HOW TO COMPLETE THIS TASK >>
In the entries below, filter for the word "chatting" and copy every matching line.

------ EXTRACTED MATERIAL ------

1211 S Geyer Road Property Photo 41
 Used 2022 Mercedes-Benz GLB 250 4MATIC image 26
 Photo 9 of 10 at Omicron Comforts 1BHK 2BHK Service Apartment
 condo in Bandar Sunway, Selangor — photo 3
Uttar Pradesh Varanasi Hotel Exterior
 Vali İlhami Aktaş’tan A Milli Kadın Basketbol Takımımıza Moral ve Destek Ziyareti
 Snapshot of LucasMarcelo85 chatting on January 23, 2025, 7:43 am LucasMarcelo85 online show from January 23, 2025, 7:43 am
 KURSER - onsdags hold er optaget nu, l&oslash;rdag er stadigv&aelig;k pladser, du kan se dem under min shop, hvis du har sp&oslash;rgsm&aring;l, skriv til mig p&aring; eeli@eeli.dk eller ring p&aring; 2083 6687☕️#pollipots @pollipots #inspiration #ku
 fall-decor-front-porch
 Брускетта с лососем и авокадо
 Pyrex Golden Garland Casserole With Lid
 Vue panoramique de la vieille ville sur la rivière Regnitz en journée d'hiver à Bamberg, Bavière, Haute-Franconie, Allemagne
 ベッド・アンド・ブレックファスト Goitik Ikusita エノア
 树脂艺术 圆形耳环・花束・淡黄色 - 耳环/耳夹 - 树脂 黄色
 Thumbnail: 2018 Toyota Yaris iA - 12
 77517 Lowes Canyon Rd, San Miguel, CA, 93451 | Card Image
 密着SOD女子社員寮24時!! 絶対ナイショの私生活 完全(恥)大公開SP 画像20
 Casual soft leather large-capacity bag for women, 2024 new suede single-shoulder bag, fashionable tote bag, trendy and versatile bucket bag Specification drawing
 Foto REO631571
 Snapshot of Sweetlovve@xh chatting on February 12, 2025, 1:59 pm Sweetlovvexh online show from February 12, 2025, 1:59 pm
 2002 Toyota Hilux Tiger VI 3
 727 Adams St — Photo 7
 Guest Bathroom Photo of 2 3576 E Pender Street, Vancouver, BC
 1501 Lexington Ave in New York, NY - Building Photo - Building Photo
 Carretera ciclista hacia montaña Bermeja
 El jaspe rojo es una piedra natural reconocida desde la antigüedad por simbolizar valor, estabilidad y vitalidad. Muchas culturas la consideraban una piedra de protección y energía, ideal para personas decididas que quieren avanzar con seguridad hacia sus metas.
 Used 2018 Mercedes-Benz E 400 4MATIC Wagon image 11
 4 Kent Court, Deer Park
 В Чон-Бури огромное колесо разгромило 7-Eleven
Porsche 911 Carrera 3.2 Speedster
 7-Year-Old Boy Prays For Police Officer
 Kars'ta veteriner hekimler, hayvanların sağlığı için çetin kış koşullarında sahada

------

EXERCISE RESULT >>
 Snapshot of LucasMarcelo85 chatting on January 23, 2025, 7:43 am LucasMarcelo85 online show from January 23, 2025, 7:43 am
 Snapshot of Sweetlovve@xh chatting on February 12, 2025, 1:59 pm Sweetlovvexh online show from February 12, 2025, 1:59 pm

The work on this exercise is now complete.